### [ASSIGNMENT]
Give back every record exactly, with its pictures left out.

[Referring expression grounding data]
•••••
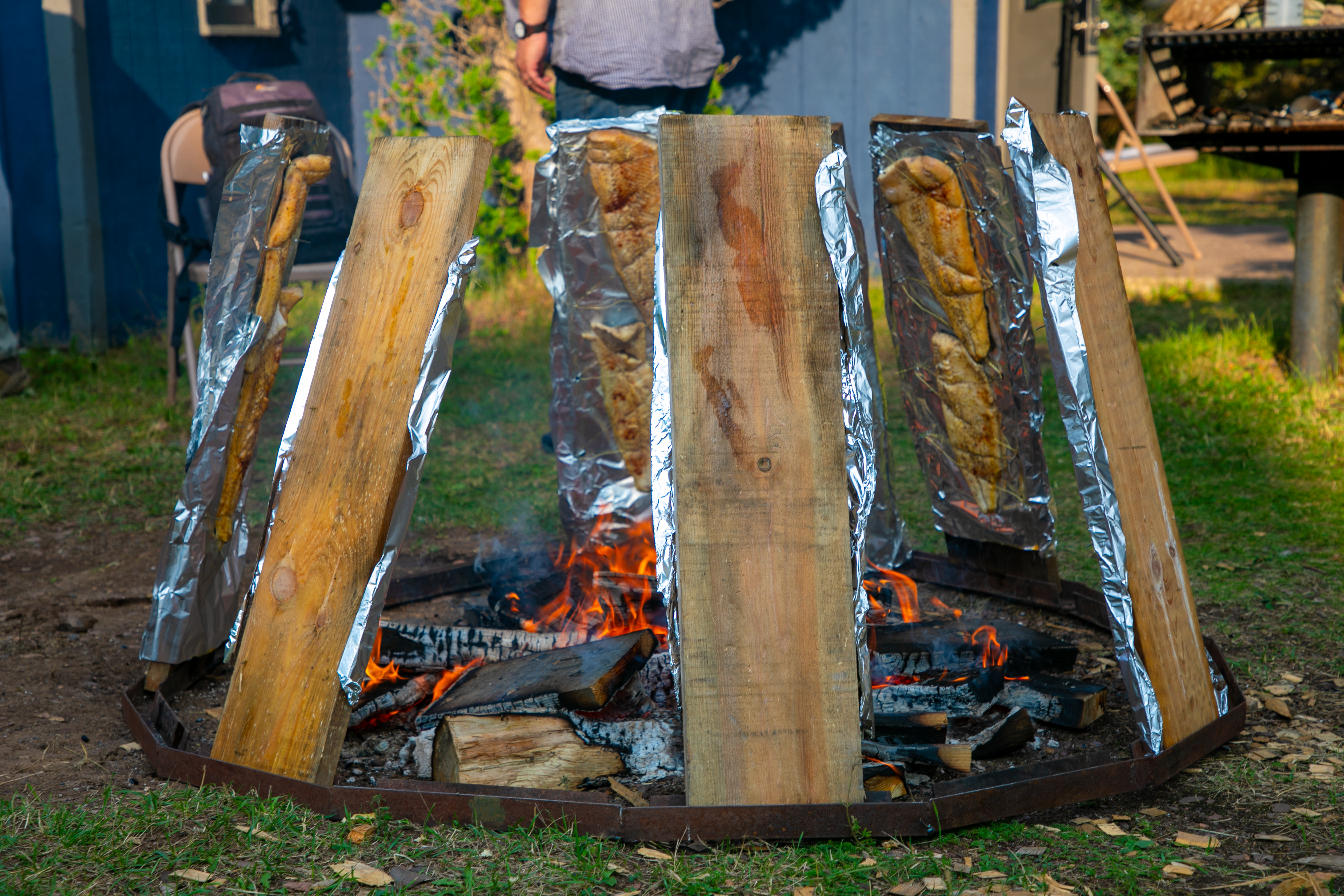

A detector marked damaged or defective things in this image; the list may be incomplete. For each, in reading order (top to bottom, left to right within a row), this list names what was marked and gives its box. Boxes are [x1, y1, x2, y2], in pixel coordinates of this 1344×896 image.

rusty metal edging [121, 637, 1242, 843]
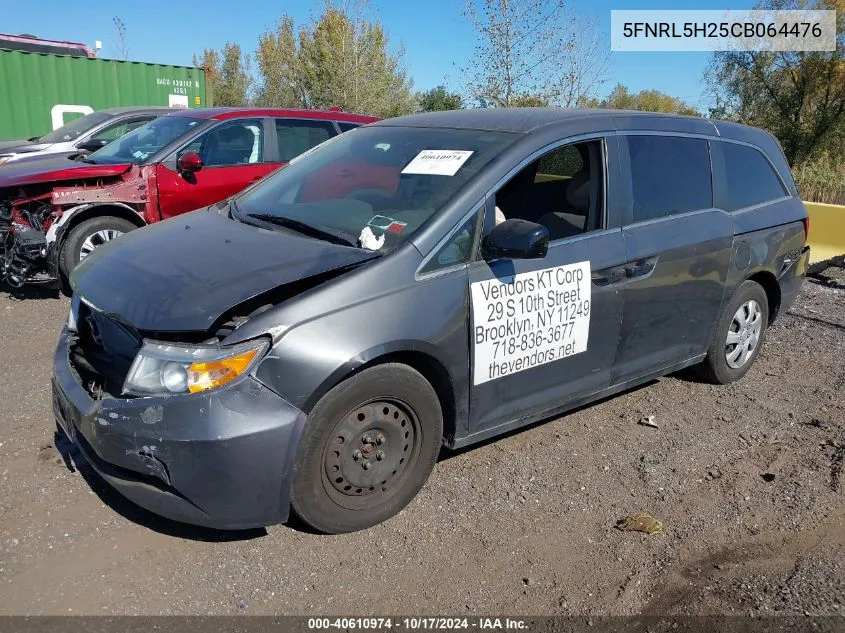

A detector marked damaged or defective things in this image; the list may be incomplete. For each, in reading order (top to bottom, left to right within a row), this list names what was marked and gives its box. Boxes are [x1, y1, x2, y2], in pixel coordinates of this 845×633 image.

damaged hood [0, 156, 132, 190]
damaged front bumper [52, 326, 306, 528]
wrecked car [0, 107, 376, 288]
cracked headlight [120, 336, 268, 396]
damaged hood [71, 206, 380, 330]
wrecked car [54, 108, 812, 532]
•••••
### [EXPECTED OUTPUT]
A detector marked damaged or defective things in this image; the list may be incomplete. For each, in reading order (top to bottom, left to right within a row), this list names what was marked and gives its box. Boxes are [x1, y1, x2, y2], in pixel coordinates of this 1344×896 image.

rusty metal edging [121, 637, 1242, 843]

A detector marked damaged or defective things in this image; the list may be incomplete. For each, in reading order (top to bottom, left to right within a row), this list names what was marked and gives its box. Boxes are [x1, y1, x2, y2], in pixel coordinates of this 845×633 image.

damaged hood [0, 156, 132, 190]
damaged front bumper [52, 326, 306, 528]
wrecked car [0, 107, 376, 288]
cracked headlight [120, 336, 268, 396]
damaged hood [71, 206, 380, 330]
wrecked car [54, 108, 812, 532]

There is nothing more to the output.